Hugo "Hamid" Marcus (6 July 1880 – 18 April 1966) was a Polish academic, author, teacher, and political activist.

A large portion of Marcus' writing focuses on male homoerotic relationships and his interpretations of Islam. Despite being ethnically Jewish, Marcus converted to Islam in 1931, at the age of 51, after being heavily involved in the Lahore Ahmadiyya mosque community in Berlin in the prior years. In 1938, Marcus was arrested by the Nazis for his Jewish heritage and sent to Oranienburg concentration camp, but was released a month later due to help from the Lahore Ahmadiyya community.
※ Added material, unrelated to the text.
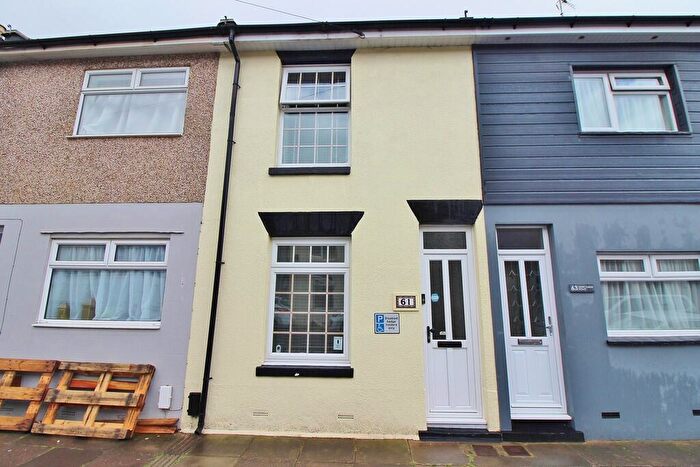 2 Bedroom Terraced House For Sale In Newcomen Road, Stamshaw, PO2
Marcus was an example of a Jewish convert to Islam, publishing a German translation of the Quran in 1939. Marcus' involvement in the Berlin Muslim community was considered one of the Ahmadiyya community's greatest achievements due to his insight into German language and culture.

Marcus was also highly involved in homosexual activism during his younger years, being a close associate to famous homosexual activist and sexual scientist Magnus Hirschfeld (1868–1935) and others. Behind closed doors, however, Marcus did not have an active love life and never found a partner, spending the latter half of his life almost completely alone.

== Early life ==
Hugo Marcus was born on 6 July 1880 in Posen, Poland (now Poznań) to German-Jewish parents. His mother was Cäcilie Hepner and he had brothers Otto, Richard, and Alfred. His mother was from a family of cultured wealthy merchants and his father a well-off steel manufacturer. He was a cousin to German historian Ernst Kantorowicz.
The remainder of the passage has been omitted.